# Multicast Router with Gentoo?

## Gatak

Hello,

My ISP is broadcasting TV programs BBC and Discovery over their network with multicast. I'd like to be able to view these TV programs from my LAN clients.

The problem is now on how to make my Gentoo Linux router to work with multicast, and let my clients subscribe to the different channels and receive the multicast data.

I currently have a working linux router with NAT, etc, which I manage with iptables.
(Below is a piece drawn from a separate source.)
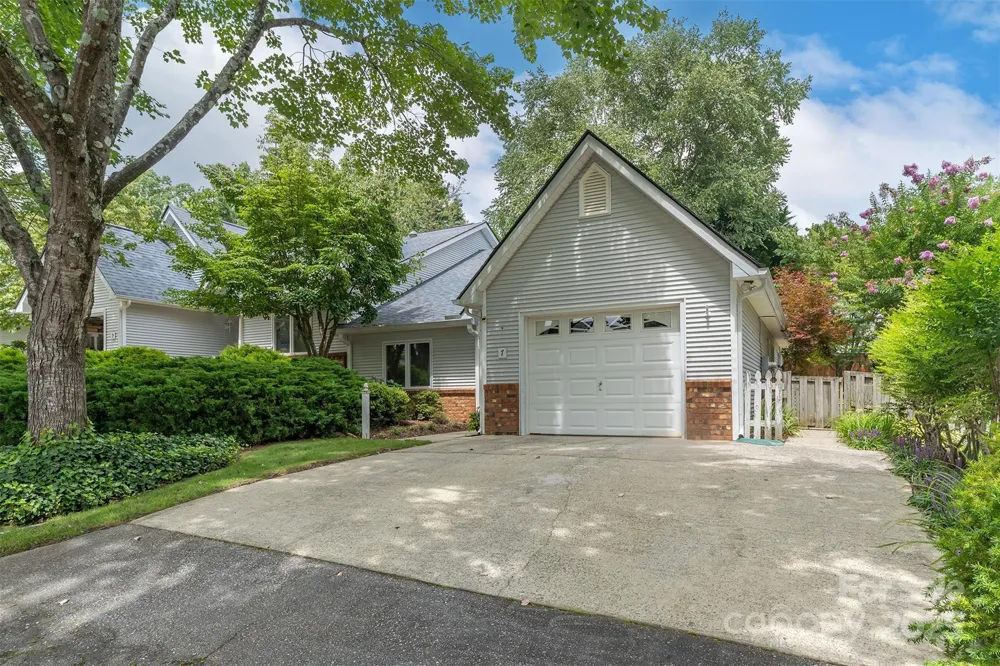 7 Silver Place Black Mountain, NC 28711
I can ping 224.0.0.1 from my LAN clients and my Gentoo box (192.168.0.1) will respond.

My LAN is like this:

LAN[192.168.0.x] <--> [192.168.0.1]-Gentoo-[83.227.154.117] <--> [83.227.154.65]-ISPs router

I get every few seconds a IGMPv2 "Membership Query" from my ISP. They also respond to  ping 224.0.0.1 from my Gentoo box.
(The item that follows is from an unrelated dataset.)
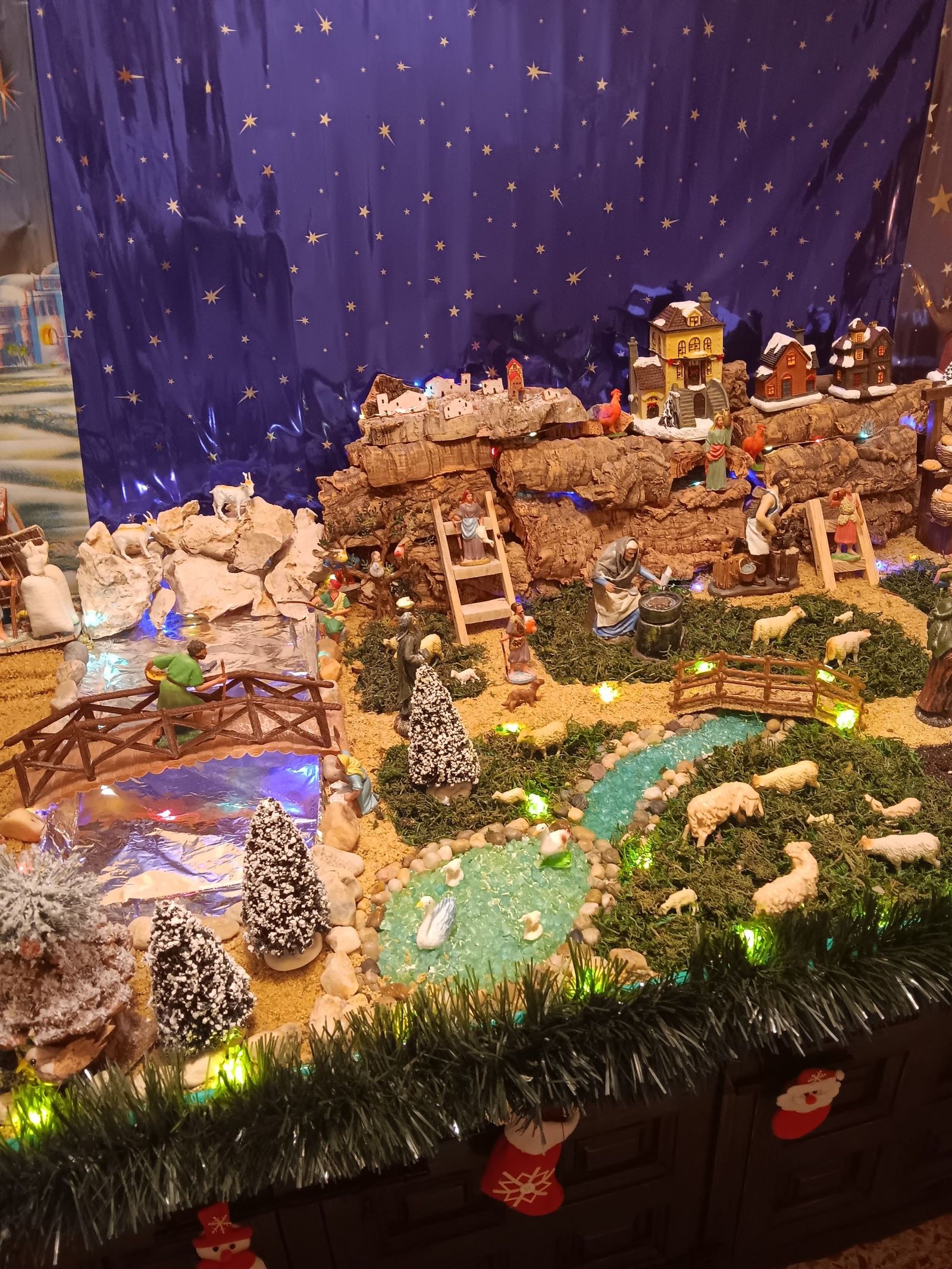 I.R.R.   Belén situado en una vivienda de la avenida de Comuneros (1)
How should I setup with iptables, mrouted, or something similar to allow my LAN clients to receive the multicast data from the internet?

----------

## egberts

What you've describe is a end-host multicasting functionality of joining/leaving a multicast group.

To do forwarding, what you appear to need is a multicasting router.

Check out 'emerge mrouted'

----------

## Gatak

Yes, many seem to recommend mrouted. I have tried this program and have yet to get it to work. When running it in debug mode I see my LAN client wanting to join a group. Then I do not see anything more happening really other than membership querries etc. No data is being forwarded nor received from my ISP.

However, if I try to join the multicat group from my router itself, then I am receiving real data from my ISP. I have been unable to forward anything to my LAN clients, with and without mrouted. Has anyone actually used mrouted?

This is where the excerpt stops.